● Required action
Only those lines in the data below from the line containing "Flag of the" through the line containing "Afval wordt gedumpt", both included, should be restated word for word.

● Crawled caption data
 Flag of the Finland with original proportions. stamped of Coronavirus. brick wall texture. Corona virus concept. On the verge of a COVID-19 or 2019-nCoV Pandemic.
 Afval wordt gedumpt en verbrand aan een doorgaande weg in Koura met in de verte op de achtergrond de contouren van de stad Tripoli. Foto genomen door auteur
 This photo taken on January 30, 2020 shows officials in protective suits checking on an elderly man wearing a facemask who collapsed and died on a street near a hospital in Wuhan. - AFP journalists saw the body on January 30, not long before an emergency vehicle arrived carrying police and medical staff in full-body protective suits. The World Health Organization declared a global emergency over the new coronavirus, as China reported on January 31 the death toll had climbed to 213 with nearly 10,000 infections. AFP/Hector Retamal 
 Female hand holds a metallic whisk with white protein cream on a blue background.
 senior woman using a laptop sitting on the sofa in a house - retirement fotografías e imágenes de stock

---

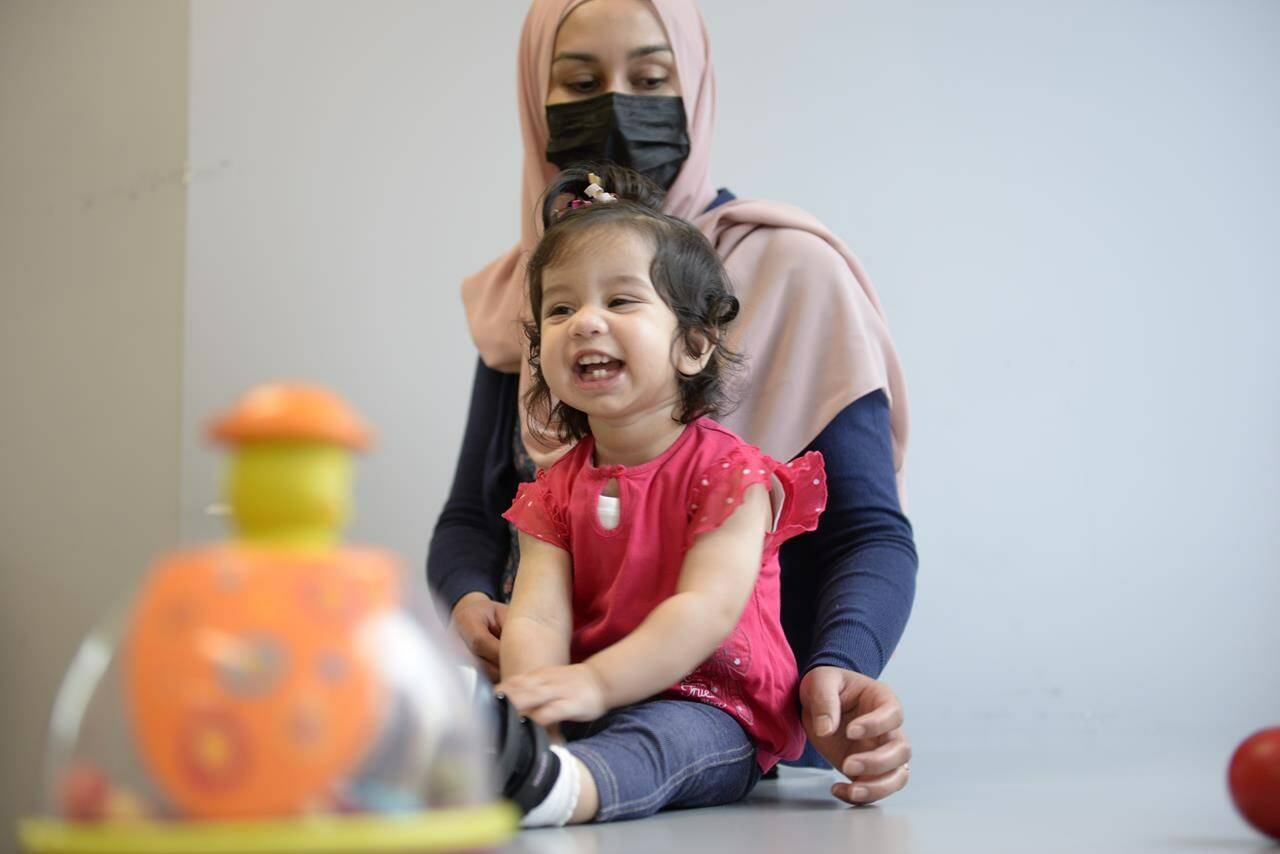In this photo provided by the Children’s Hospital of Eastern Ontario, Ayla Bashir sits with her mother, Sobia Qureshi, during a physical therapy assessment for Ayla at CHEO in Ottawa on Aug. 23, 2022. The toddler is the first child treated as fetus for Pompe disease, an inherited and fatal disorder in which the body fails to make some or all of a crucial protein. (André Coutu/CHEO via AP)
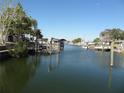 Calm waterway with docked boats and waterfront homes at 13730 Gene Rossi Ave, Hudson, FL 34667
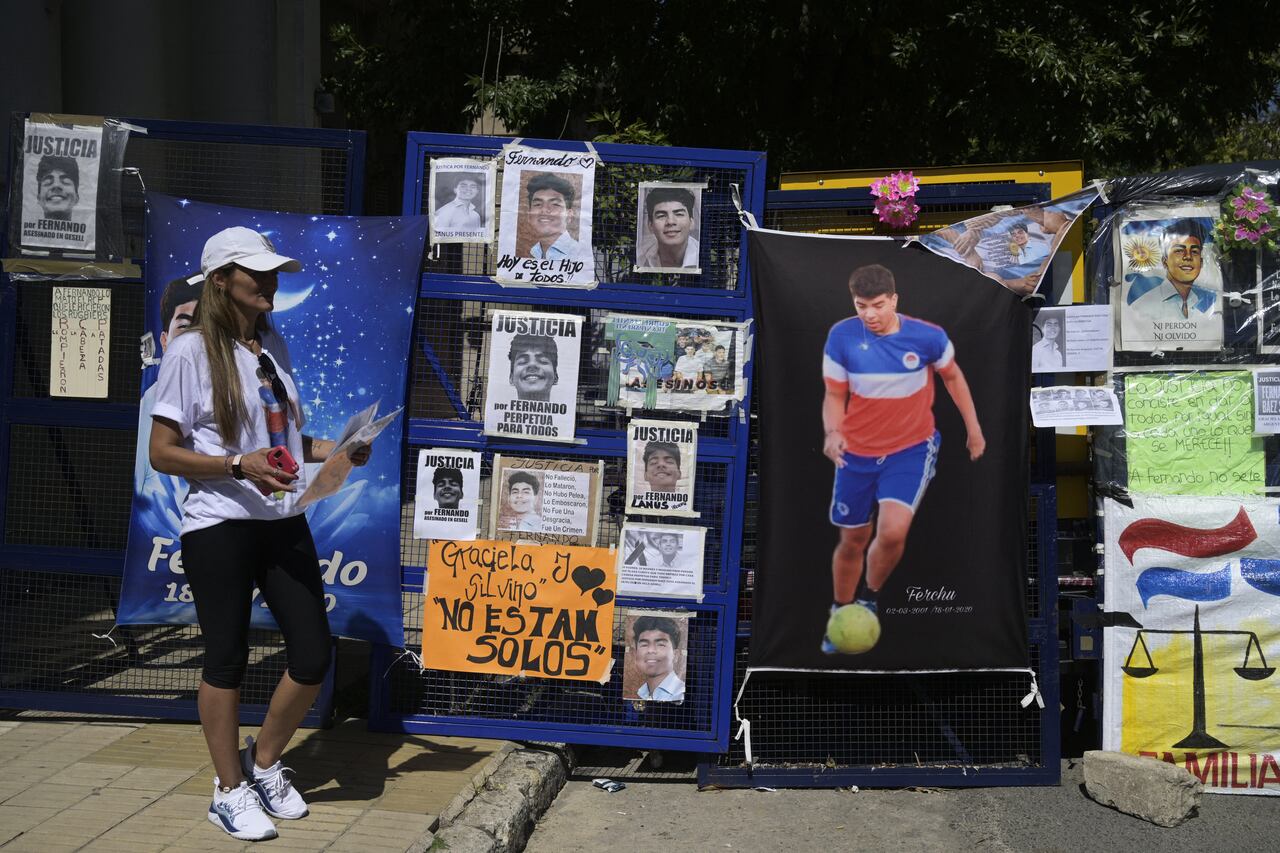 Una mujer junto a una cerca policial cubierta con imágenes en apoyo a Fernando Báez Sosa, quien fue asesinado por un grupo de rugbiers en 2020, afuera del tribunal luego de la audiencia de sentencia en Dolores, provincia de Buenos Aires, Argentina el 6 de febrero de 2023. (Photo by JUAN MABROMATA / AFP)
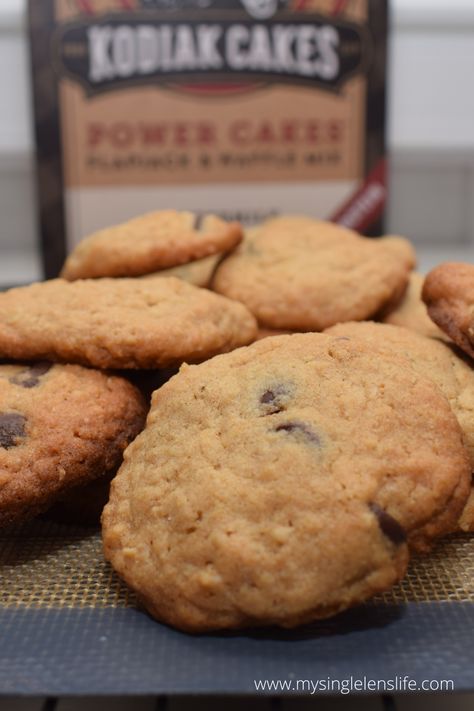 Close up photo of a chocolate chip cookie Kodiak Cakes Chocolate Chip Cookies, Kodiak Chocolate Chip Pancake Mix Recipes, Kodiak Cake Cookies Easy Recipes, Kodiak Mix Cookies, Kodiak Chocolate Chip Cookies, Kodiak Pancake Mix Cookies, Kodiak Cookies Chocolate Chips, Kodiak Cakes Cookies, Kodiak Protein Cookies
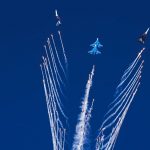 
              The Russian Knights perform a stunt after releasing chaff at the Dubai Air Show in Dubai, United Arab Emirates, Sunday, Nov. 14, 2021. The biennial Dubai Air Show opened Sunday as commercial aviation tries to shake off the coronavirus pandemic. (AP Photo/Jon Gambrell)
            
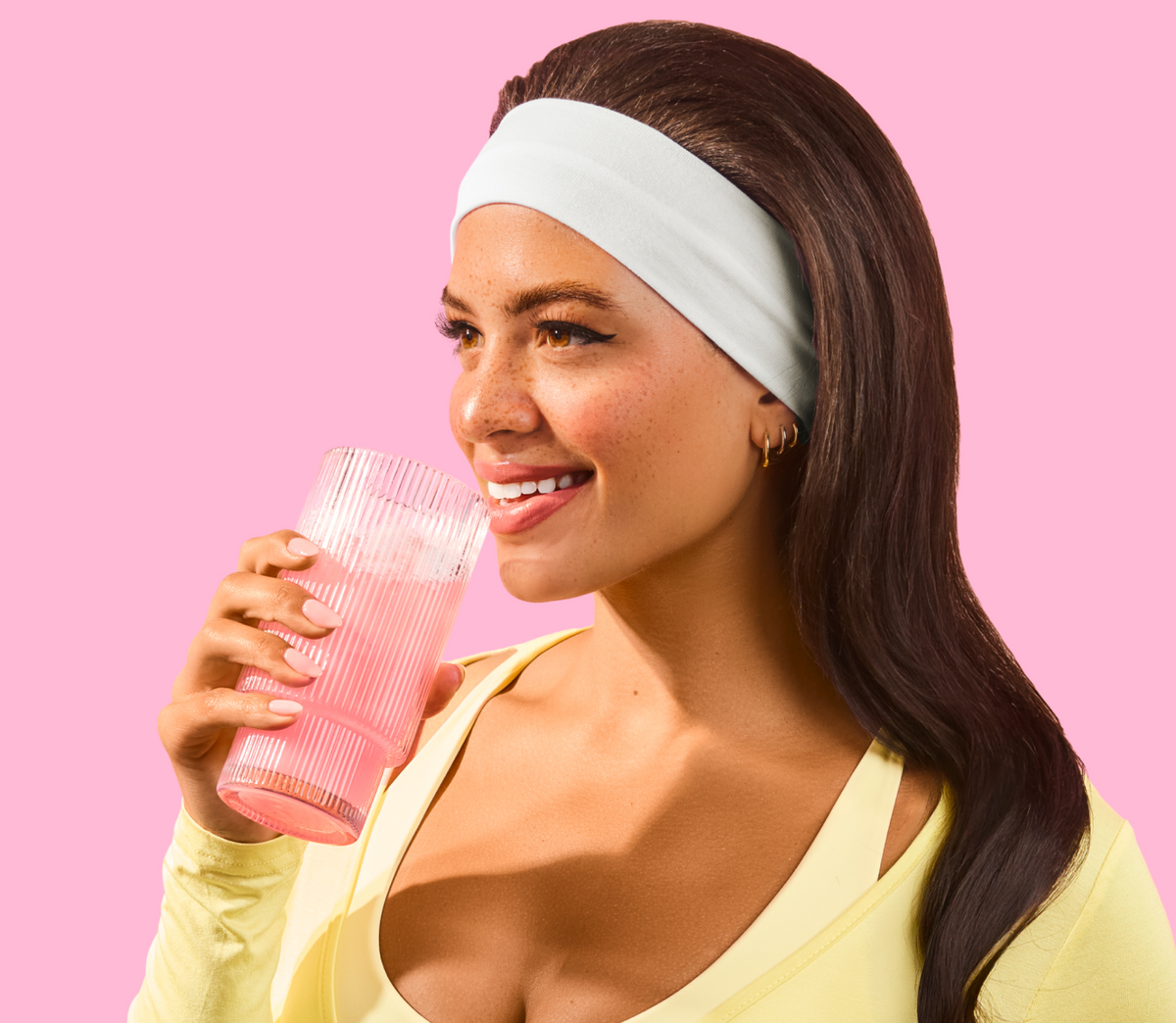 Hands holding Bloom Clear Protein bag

● Expected answer
 Flag of the Finland with original proportions. stamped of Coronavirus. brick wall texture. Corona virus concept. On the verge of a COVID-19 or 2019-nCoV Pandemic.
 Afval wordt gedumpt en verbrand aan een doorgaande weg in Koura met in de verte op de achtergrond de contouren van de stad Tripoli. Foto genomen door auteur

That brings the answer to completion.